Data records ▸
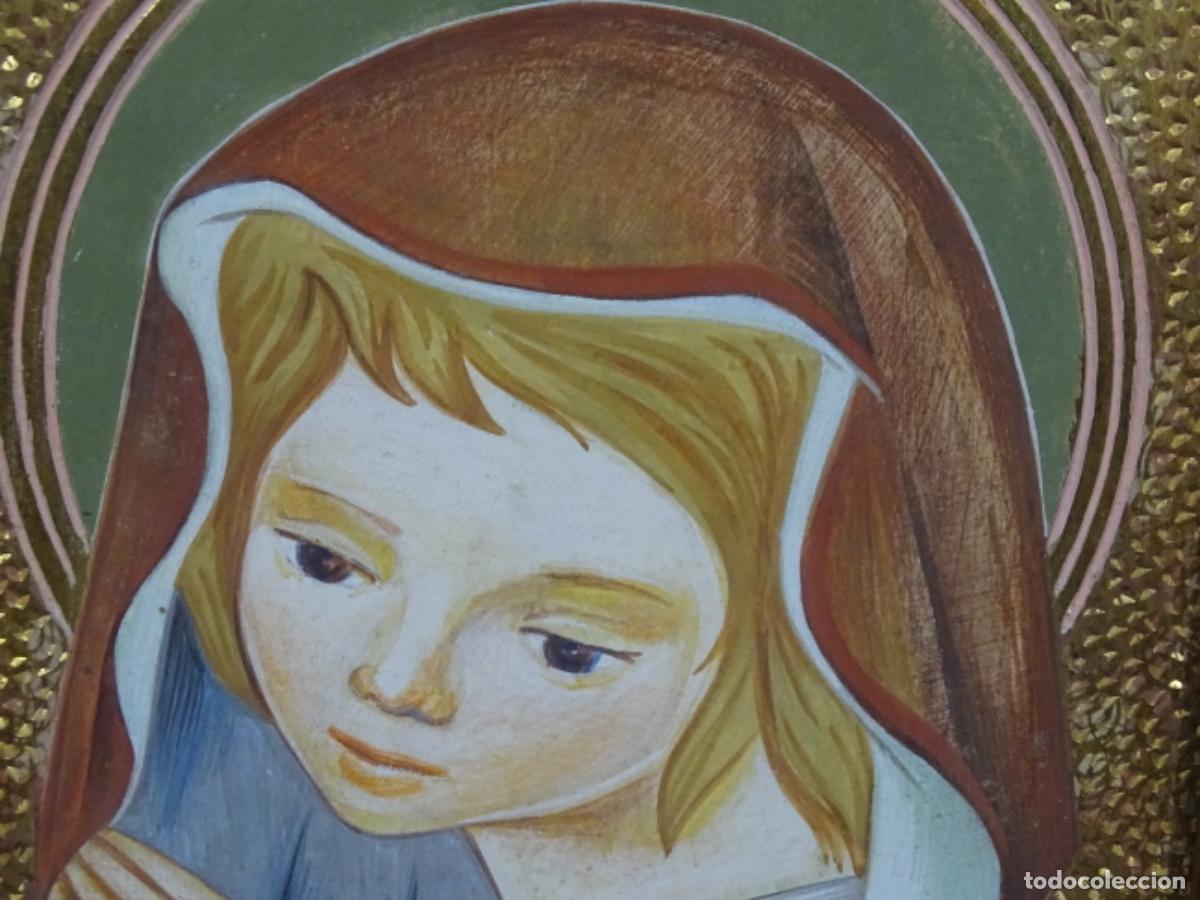 Arte: TECNICA MIXTA SOBRE TABLA ANONIMO. VIRGEN. - Foto 3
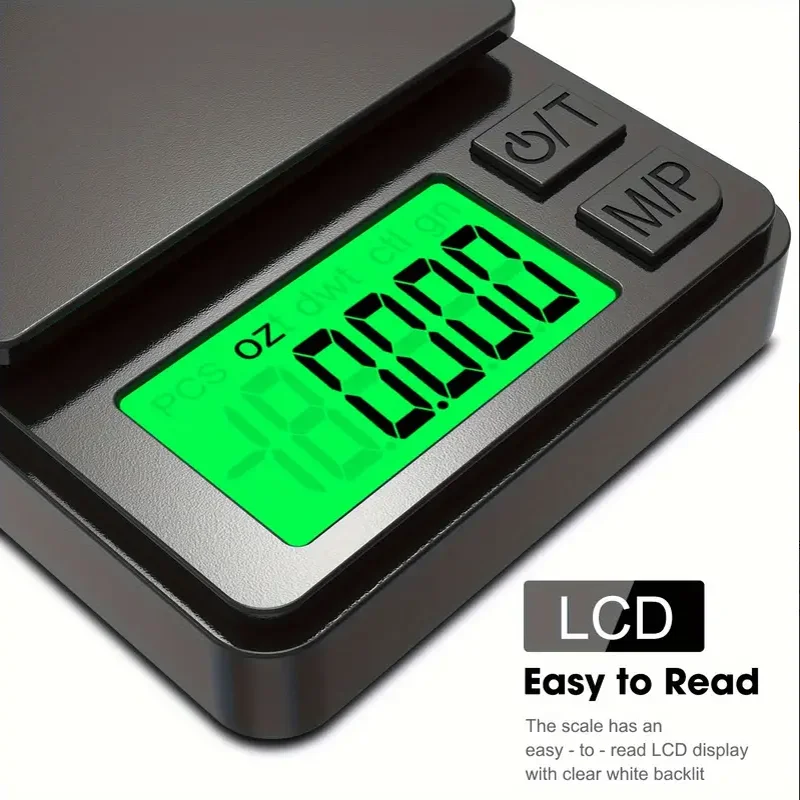 Precision Pocket Scale 1000g X 0.01g - เครื่องชั่งดิจิตอลกรัมอาหารเครื่องประดับออนซ์/ธัญพืชพร้อม Backlit LCD - Mini Scale สําหรับการเดินทาง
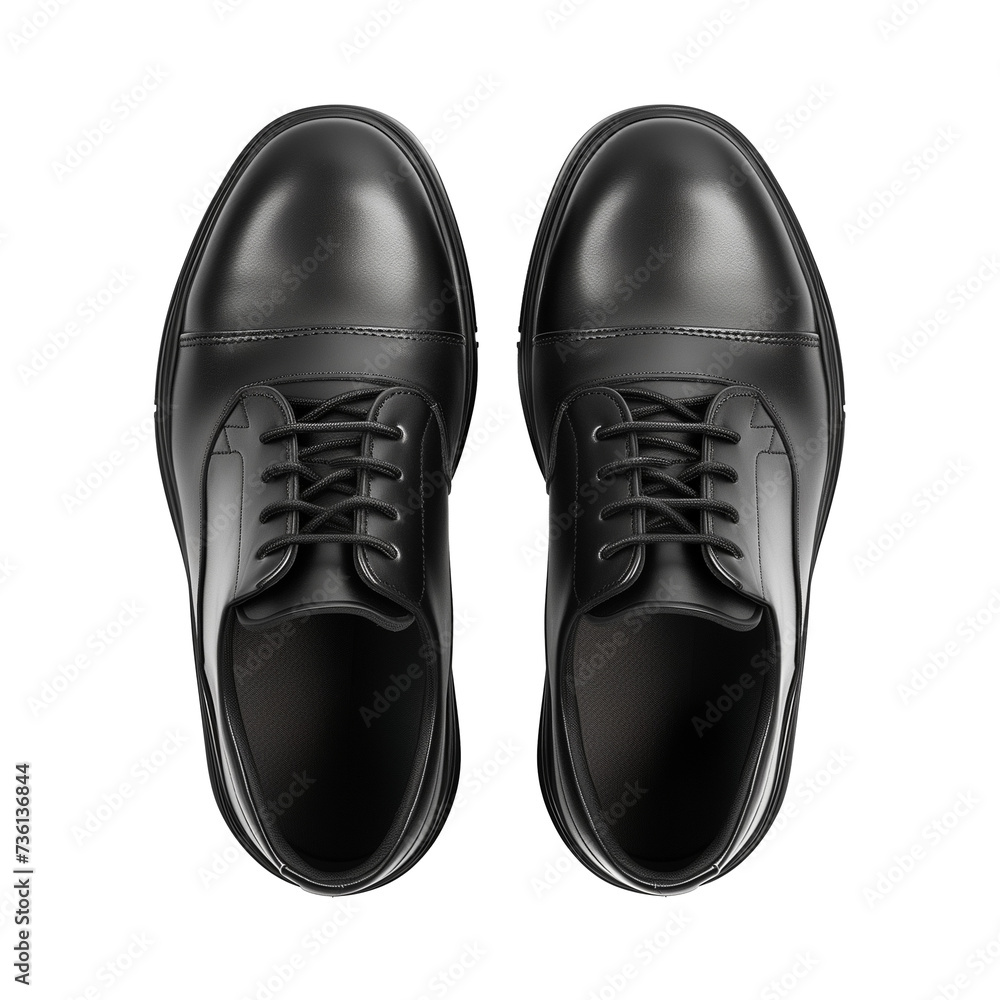 black leather men's shoes, isolated on transparent background black leather men's shoes, isolated on transparent background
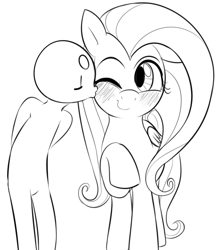 Size: 669x763 | Tagged: safe, artist:dotkwa, fluttershy, human, pegasus, pony, blushing, cute, female, horse sized pony, kiss on the cheek, kissing, mare, monochrome, one eye closed, smiling, solo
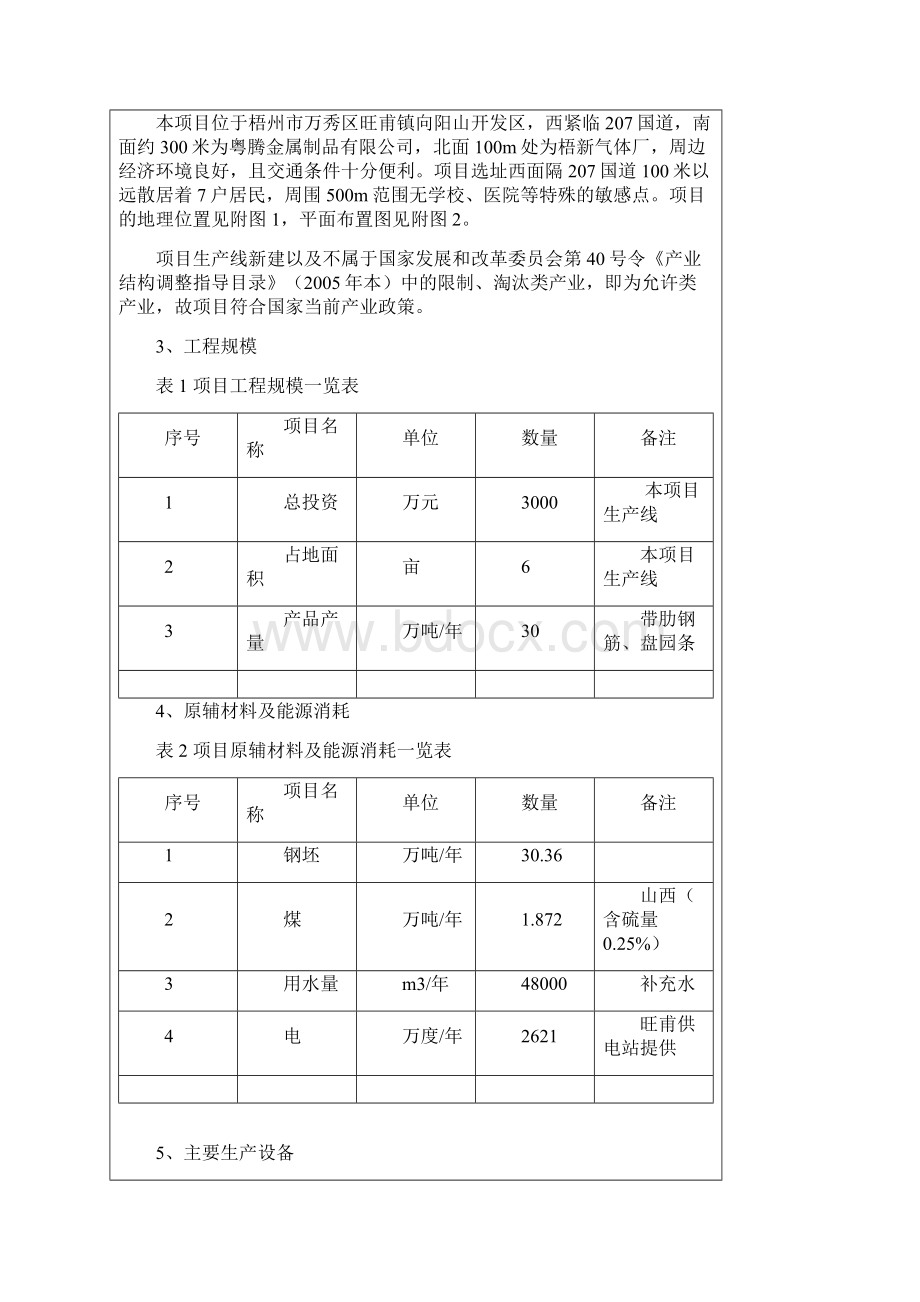 热轧钢筋生产线环境影响评价报告书Word格式.docx_第3页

Exercise instructions ▸
From the line containing "Precision Pocket Scale" through the last line of the records, both included, output those lines exactly and nothing else; skip the pictures.

Written answer ▸
 Precision Pocket Scale 1000g X 0.01g - เครื่องชั่งดิจิตอลกรัมอาหารเครื่องประดับออนซ์/ธัญพืชพร้อม Backlit LCD - Mini Scale สําหรับการเดินทาง
 black leather men's shoes, isolated on transparent background black leather men's shoes, isolated on transparent background
 Size: 669x763 | Tagged: safe, artist:dotkwa, fluttershy, human, pegasus, pony, blushing, cute, female, horse sized pony, kiss on the cheek, kissing, mare, monochrome, one eye closed, smiling, solo
 热轧钢筋生产线环境影响评价报告书Word格式.docx_第3页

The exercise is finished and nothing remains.